ID:273377
 
You know how you can declare variables in oct, and hex?

var/dec = 20
var/oct = 024
var/hex = 0x14

Well, I was just curious, is there a way you can declare them in binary form? This would make it slightly easier for making bitwise type stuff.
That's not declaring the variables as anything, it's simply interpreting the constant value differently: 024 means 24 octal and 0x14 means 14 hexidecimal. The variables store the same thing regardless.
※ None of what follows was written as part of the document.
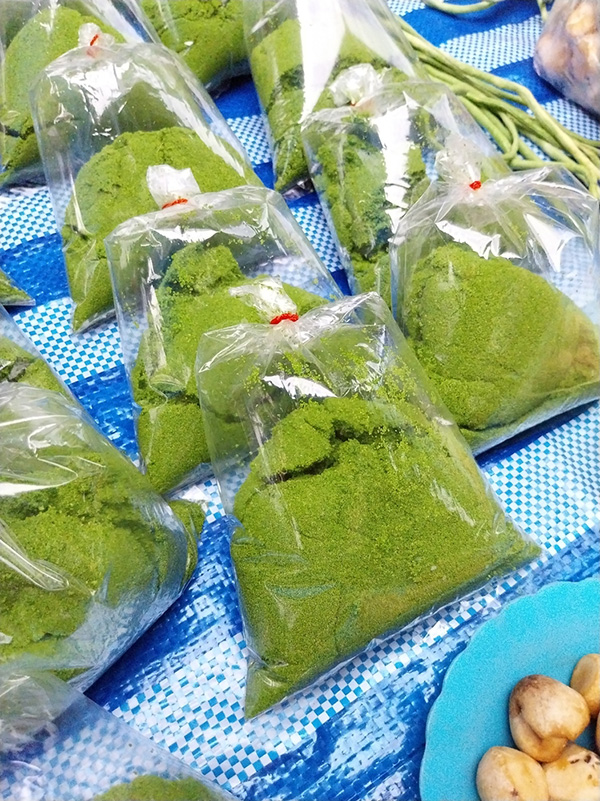 ไข่ผำ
For bitwise type stuff, there really shouldn't be a need for this. Each bit should have its own constant and you can just | constants together. Like mob/sight (SEE_SELF|SEE_TURFS) or dir (NORTH|EAST == NORTHEAST).

So, you'd want to do:

#define BLAHFLAG 1
#define BUHFLAG 2
#define BEHFLAG 4
//etc.

x = BLAHFLAG | BEHFLAG
In response to Garthor
I meant like...

#define FLAG bin-1
#define FLAG2 bin-10


It just made me curious if you could give the variables a value in dec, oct, hex, and bin.
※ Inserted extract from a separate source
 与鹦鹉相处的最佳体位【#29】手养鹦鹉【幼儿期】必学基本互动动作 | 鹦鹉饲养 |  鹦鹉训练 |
EDIT: Useless, but I just wanted to know more.
In response to Ranch Jolly
If you really, really need to, you can use the << bit-shift operator. Though, you'd want to use a constant variable rather than a #define in that case. So, 1 in binary becomes 1 << 0, 10 becomes 1 << 1, 100 becomes 1 << 2, and so on.
In response to Garthor
Garthor wrote:
If you really, really need to, you can use the << bit-shift operator. Though, you'd want to use a constant variable rather than a #define in that case. So, 1 in binary becomes 1 << 0, 10 becomes 1 << 1, 100 becomes 1 << 2, and so on.

I didn't think of that, thank you very much.